**ASSIGNED TASK:** What's needed is a word-for-word retyping of the entries below, pictures omitted.

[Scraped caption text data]
╔══

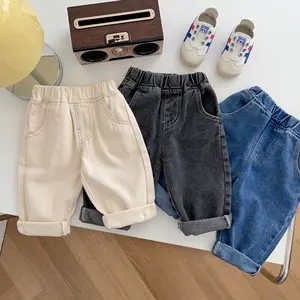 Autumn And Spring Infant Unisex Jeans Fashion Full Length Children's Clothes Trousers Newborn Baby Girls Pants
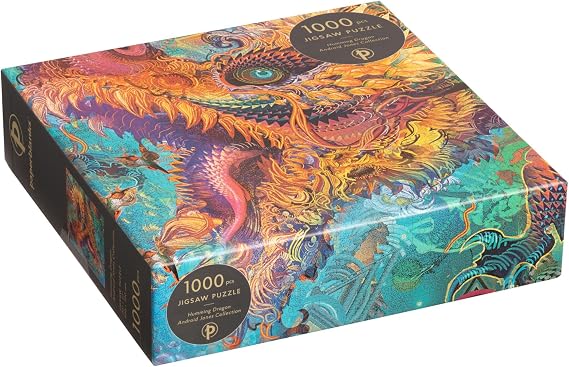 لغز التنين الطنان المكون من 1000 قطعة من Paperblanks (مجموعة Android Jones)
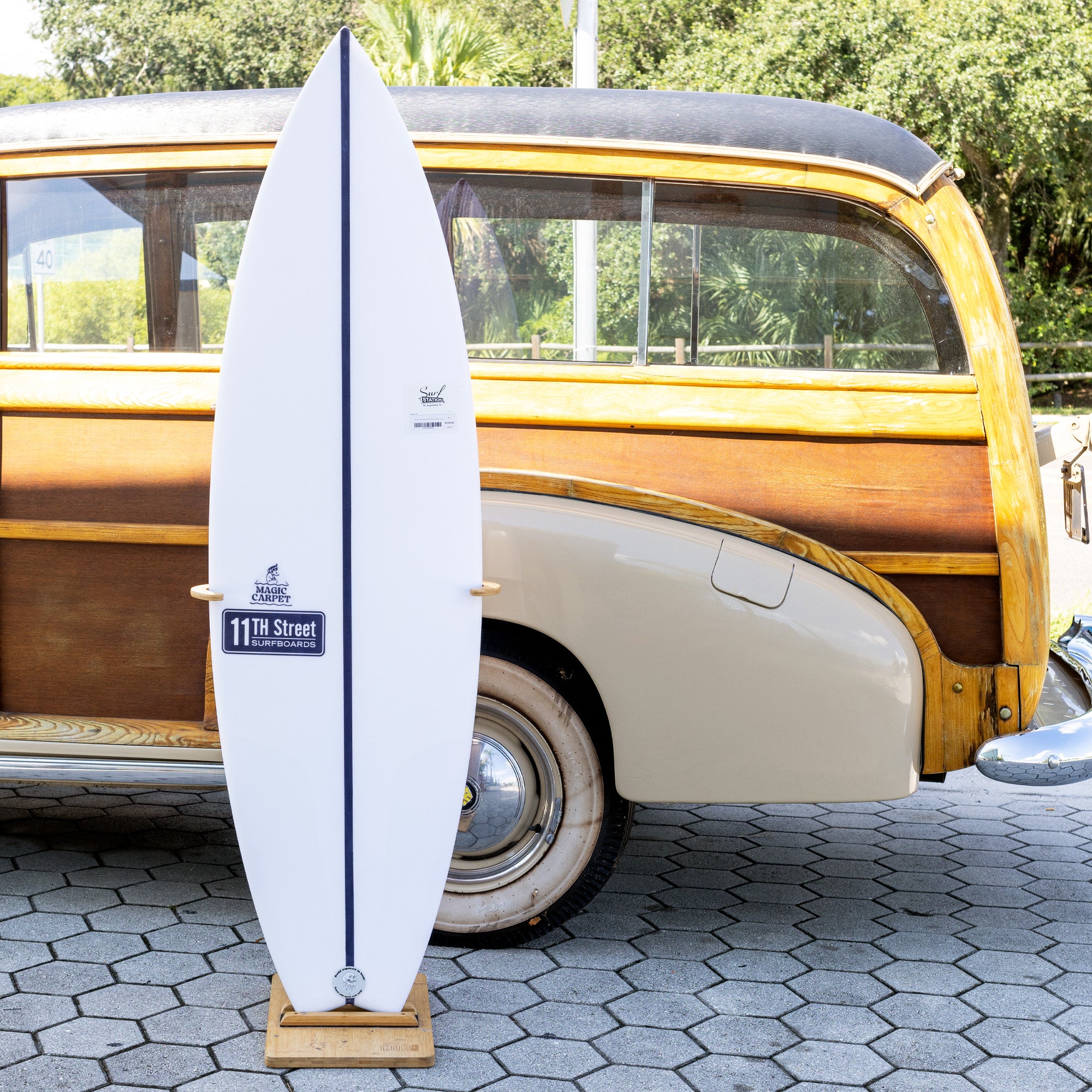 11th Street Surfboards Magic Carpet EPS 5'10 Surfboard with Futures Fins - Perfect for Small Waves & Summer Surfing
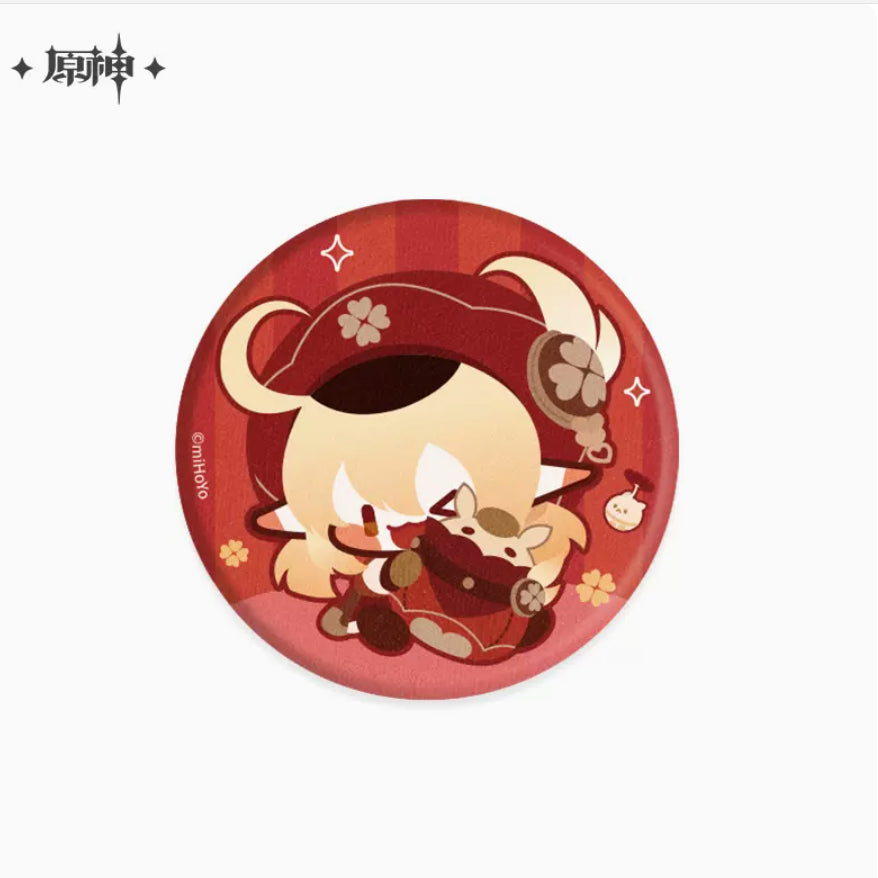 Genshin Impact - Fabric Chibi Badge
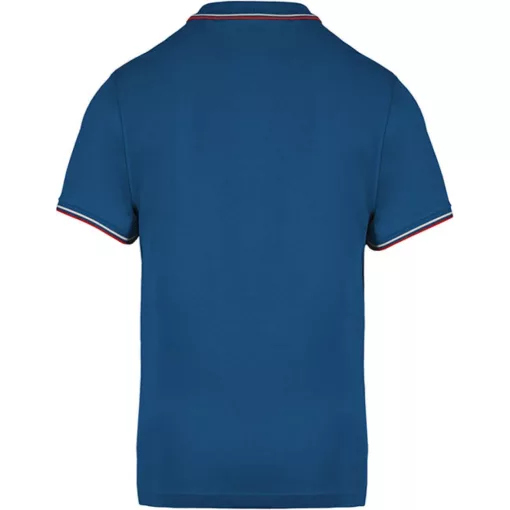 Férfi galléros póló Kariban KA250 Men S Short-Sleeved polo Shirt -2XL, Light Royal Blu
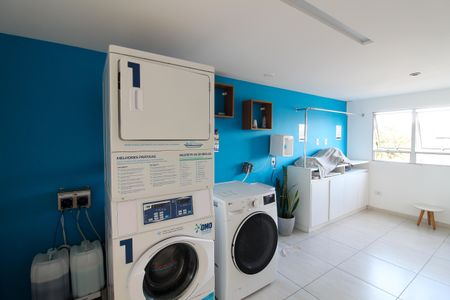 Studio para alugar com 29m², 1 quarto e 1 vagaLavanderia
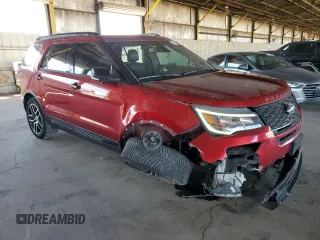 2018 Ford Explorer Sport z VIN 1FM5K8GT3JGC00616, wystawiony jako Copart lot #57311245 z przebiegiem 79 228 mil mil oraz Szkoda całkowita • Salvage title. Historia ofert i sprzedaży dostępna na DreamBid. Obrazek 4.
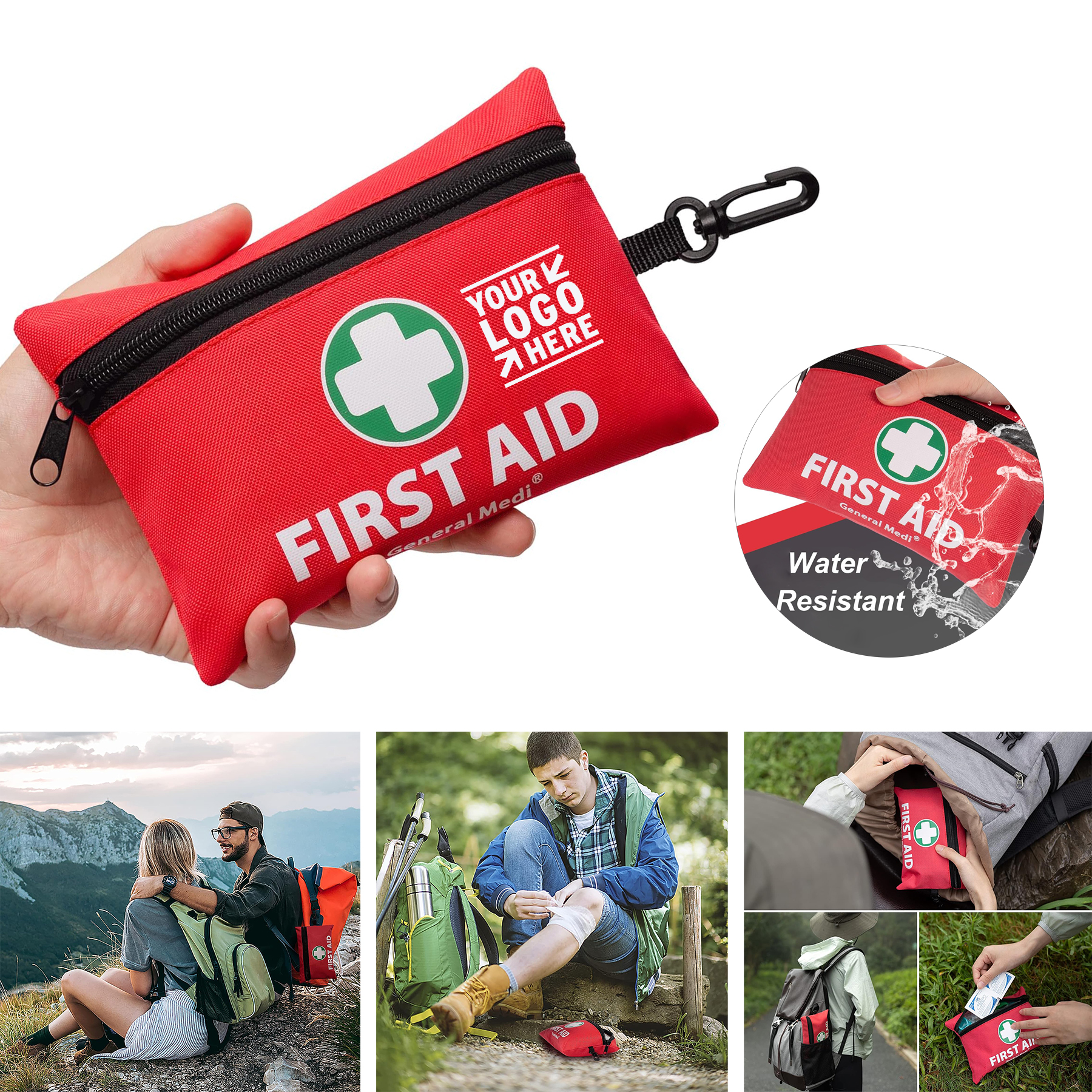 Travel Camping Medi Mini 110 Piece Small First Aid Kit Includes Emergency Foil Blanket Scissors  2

╚══

**WRITTEN RESPONSE:**
 Autumn And Spring Infant Unisex Jeans Fashion Full Length Children's Clothes Trousers Newborn Baby Girls Pants
 لغز التنين الطنان المكون من 1000 قطعة من Paperblanks (مجموعة Android Jones)
 11th Street Surfboards Magic Carpet EPS 5'10 Surfboard with Futures Fins - Perfect for Small Waves & Summer Surfing
 Genshin Impact - Fabric Chibi Badge
 Férfi galléros póló Kariban KA250 Men S Short-Sleeved polo Shirt -2XL, Light Royal Blu
 Studio para alugar com 29m², 1 quarto e 1 vagaLavanderia
 2018 Ford Explorer Sport z VIN 1FM5K8GT3JGC00616, wystawiony jako Copart lot #57311245 z przebiegiem 79 228 mil mil oraz Szkoda całkowita • Salvage title. Historia ofert i sprzedaży dostępna na DreamBid. Obrazek 4.
 Travel Camping Medi Mini 110 Piece Small First Aid Kit Includes Emergency Foil Blanket Scissors  2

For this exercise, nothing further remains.